Saraswati Kumari

Personal information
- Full name: Saraswati Chaudhary Kumari
- Born: 28 January 1997 (age 29) Nepal
- Batting: Right handed
- Bowling: Right-arm medium

International information
- National side: Nepal;
- T20I debut (cap 17): 2 December 2019 v Maldives
- Last T20I: 30 May 2023 v Malaysia

Career statistics
| Competition | WT20I |
| Matches | 10 |
| Runs scored | 0 |
| Batting average | – |
| 100s/50s | 0/0 |
| Top score | 0* |
| Balls bowled | 126 |
| Wickets | 6 |
| Bowling average | 14.83 |
| 5 wickets in innings | 0 |
| 10 wickets in match | 0 |
| Best bowling | 4/8 |
| Catches/stumpings | 2/– |

Medal record
Representing Nepal
Women's Cricket
South Asian Games
| Bronze medal – third place | 2019 Kathmandu/Pokhara | Team |
- Source: Cricinfo, 8 October 2024

= Saraswati Kumari =

Nepalese cricketer (born 1997)

Saraswati Chaudhary Kumari (सरस्वती चौधरी कुमारी, born 28 January 1997) is a Nepali cricketer who plays for the Nepali national women's team.

== Career ==
In November 2019, she was named in Nepal's squad for the women's tournament at the 2019 South Asian Games.

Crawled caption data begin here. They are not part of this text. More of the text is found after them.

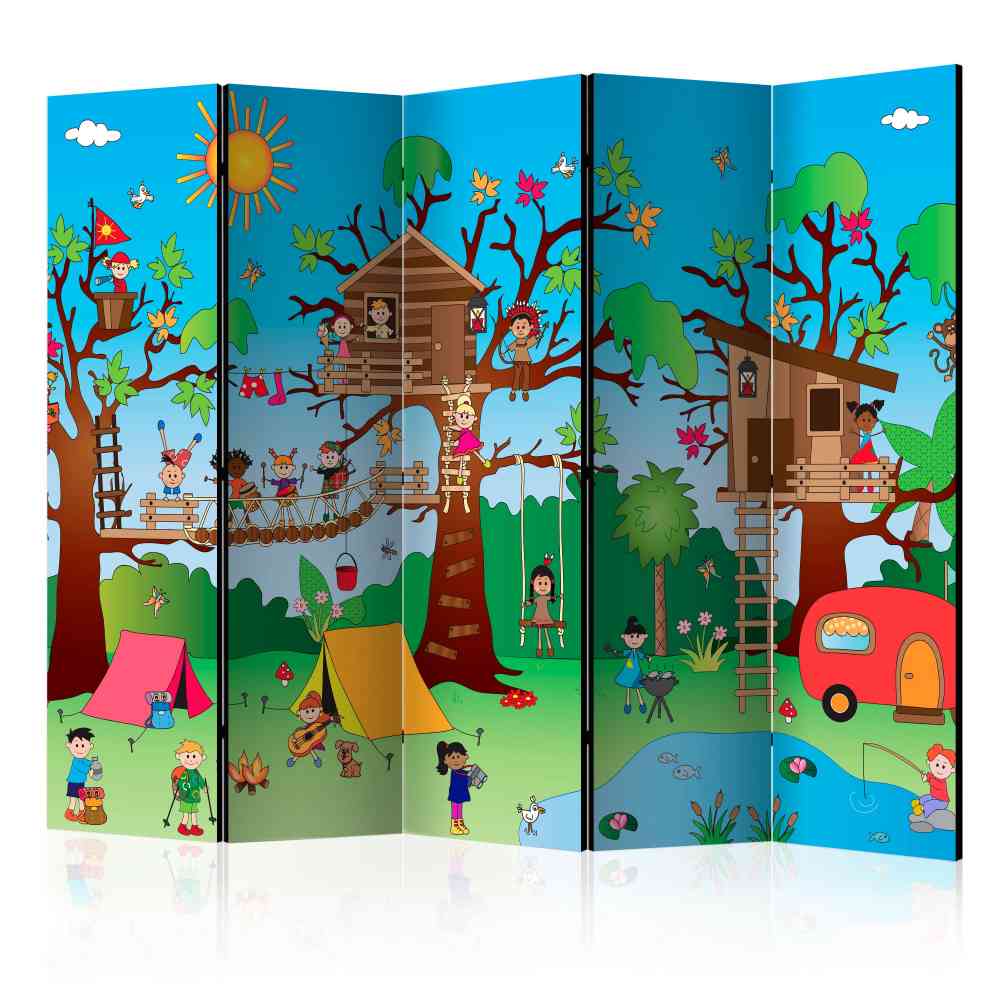 Kinderzimmer Raumteiler Kavali mit Baumhaus Motiv 225 cm breit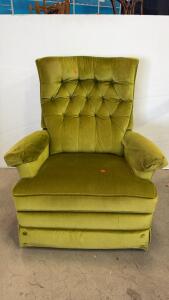 Vintage!!! 1971 Avocado Green Velvet Recliner Chair, Model 871, Manual Lever-Operated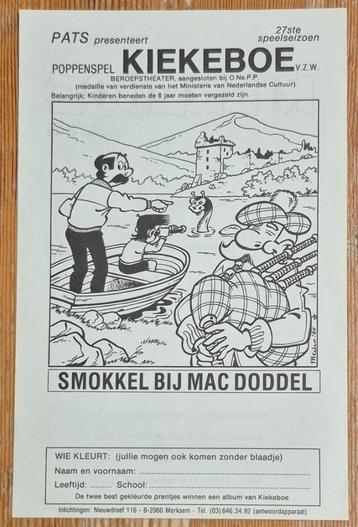 Kiekeboe flyer Pats Poppenspel 1985 Merho beschikbaar voor biedingen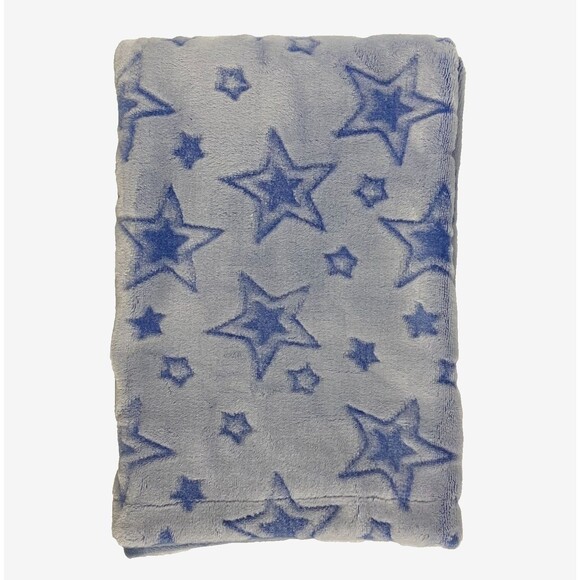 Fleece Baby Blanket Light Blue‎ w/ Embossed Stars 29' x 38" - Picture 5 of 7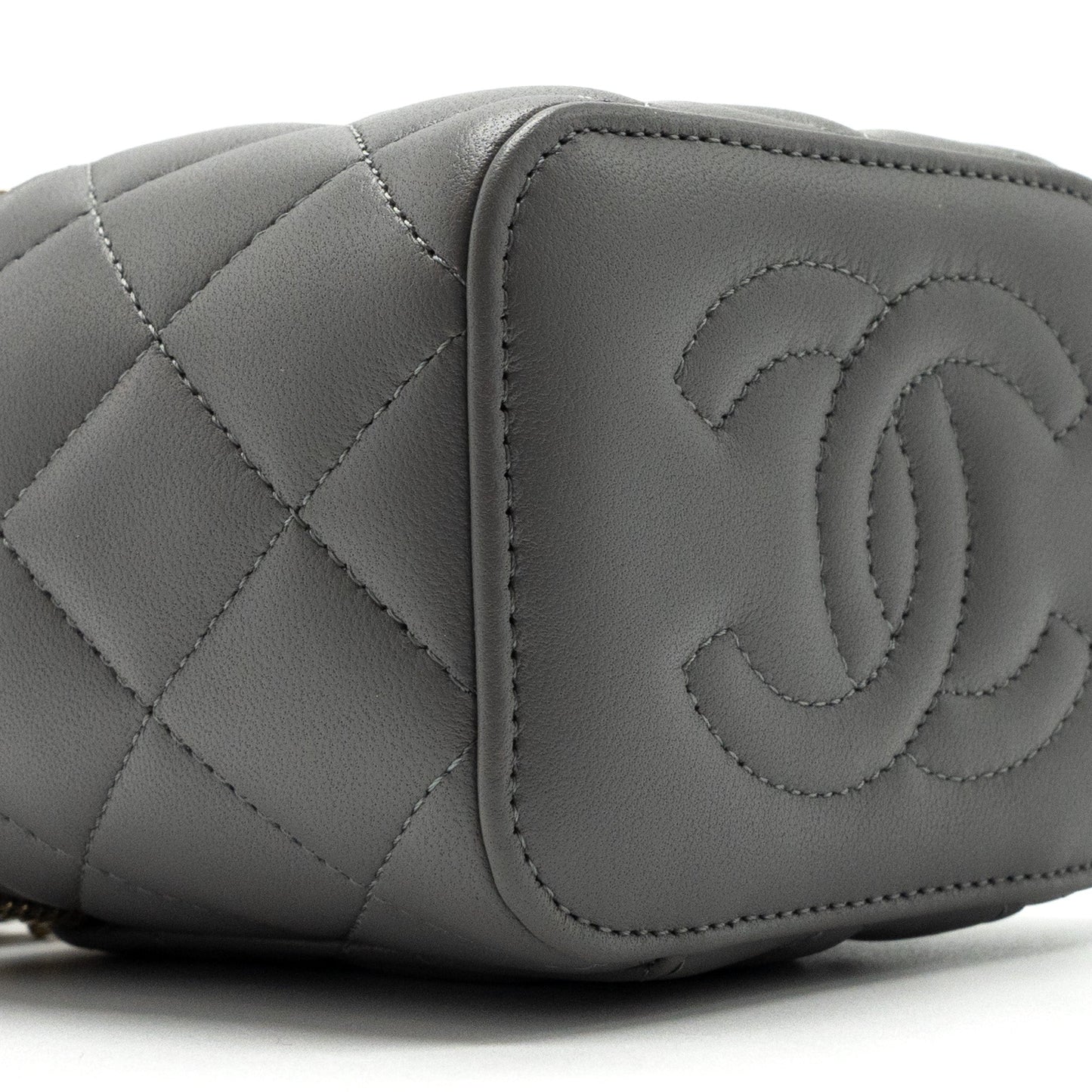 Chanel Top Handle Mini Vanity Case Lambskin Grey GHW(Microchip)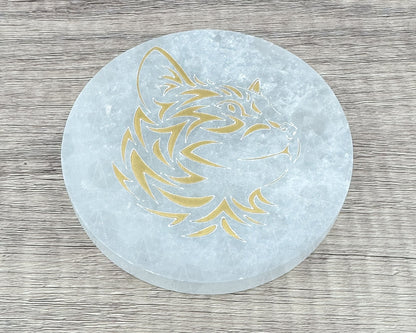 4-Inch Round Selenite Plate with Gold Carved Cat – Crystal Charging Disc for Energy Cleansing-Morganite Gems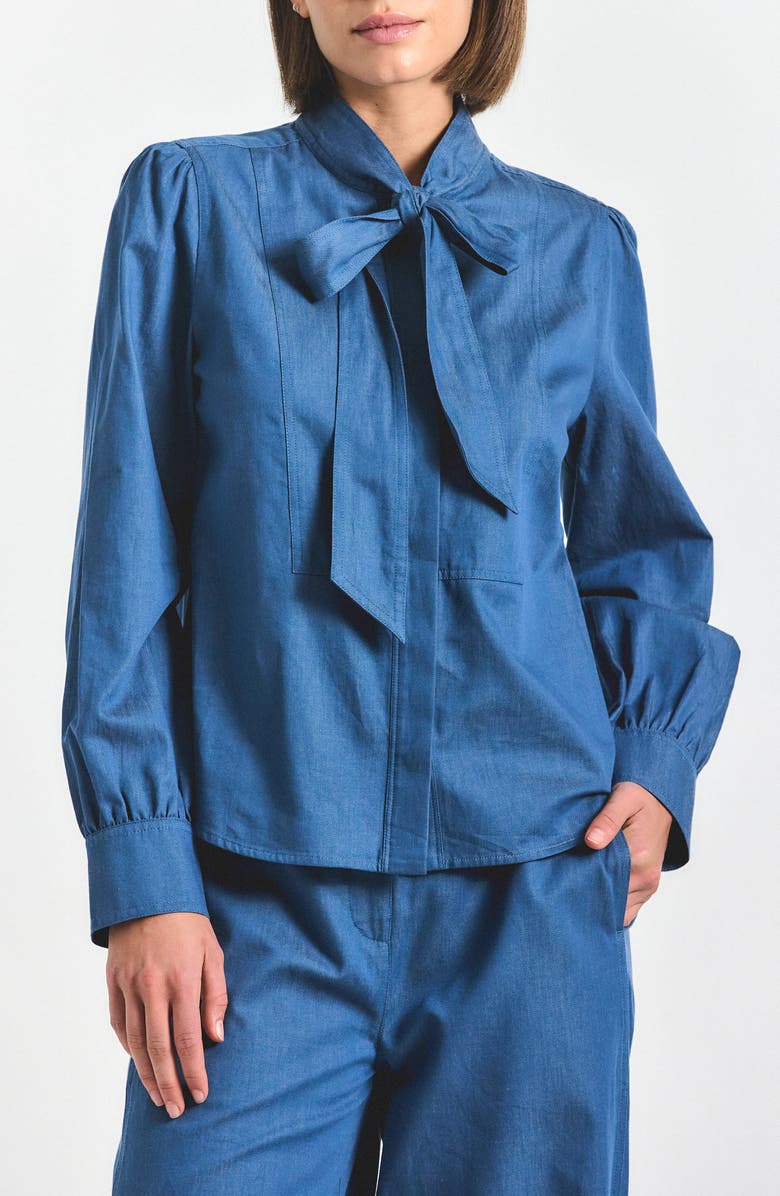 Derek Lam 10 Crosby Majah Tie Neck Long Sleeve Top, Main, color, Medium Blue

She made her Women's Twenty20 International (WT20I) debut for Nepal, against the Maldives, on 2 December 2019 in the opening match of the tournament.

In October 2021, she was named in Nepal's side for the 2021 ICC Women's T20 World Cup Asia Qualifier tournament in the United Arab Emirates.